WHAT TO DO » The copy you give must match the listing below exactly and contain no pictures.

DATA »
# # #
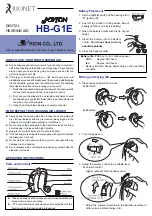 rionet Joyton HB-G1E Instruction Manual preview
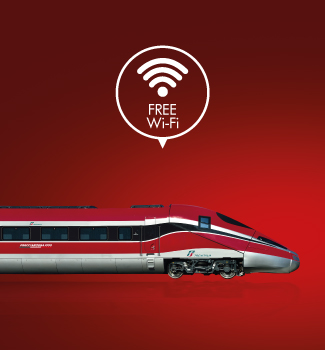 Train Frecciarossa Trenitalia avec Wi-Fi gratuit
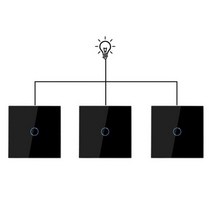 Bingoelec 소켓 글라스 블랙 라이트 터치 스위치 및 벽 크리스탈 유리 패널 홈 개선 스마트 스위치126447, NO WiFi 1gang3way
# # #
ANSWER BOX »
 rionet Joyton HB-G1E Instruction Manual preview
 Train Frecciarossa Trenitalia avec Wi-Fi gratuit
 Bingoelec 소켓 글라스 블랙 라이트 터치 스위치 및 벽 크리스탈 유리 패널 홈 개선 스마트 스위치126447, NO WiFi 1gang3way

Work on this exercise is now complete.